Link Obstruction to Riemannian smoothings of locally CAT(0) 4-manifolds

TL;DR

This paper introduces a new obstruction to the existence of smooth Riemannian metrics with non-positive curvature on certain 4-manifolds, using topological link properties at infinity.

Contribution

It extends existing methods to construct examples of locally CAT(0) 4-manifolds with specific boundary link properties that prevent smooth Riemannian smoothing.

Findings

Constructed examples of 4-manifolds with non-trivial boundary links at infinity.

Demonstrated that these manifolds cannot admit smooth non-positively curved Riemannian metrics.

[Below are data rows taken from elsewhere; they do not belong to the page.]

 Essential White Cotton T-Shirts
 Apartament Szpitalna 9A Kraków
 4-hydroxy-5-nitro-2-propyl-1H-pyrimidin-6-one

Showed all flats are unknotted at infinity, yet smoothing is impossible.

Abstract

We extend the methods of Davis-Januszkiewicz-Lafont to provide a new obstruction to smooth Riemannian metric with non-positive sectional curvature. We construct examples of locally CAT(0) 4-manifolds $M$, whose universal covers satisfy isolated flats condition and contain 2-dimensional flats with the property that $\sqcup\ \partial^\infty F_i \hookrightarrow \partial^\infty \tilde M$ are non-trivial links that are not isotopic to any great circle link. Further, all the flats in $\tilde M$ are unknotted at infinity, and yet $M$ does not have a Riemannian smoothing.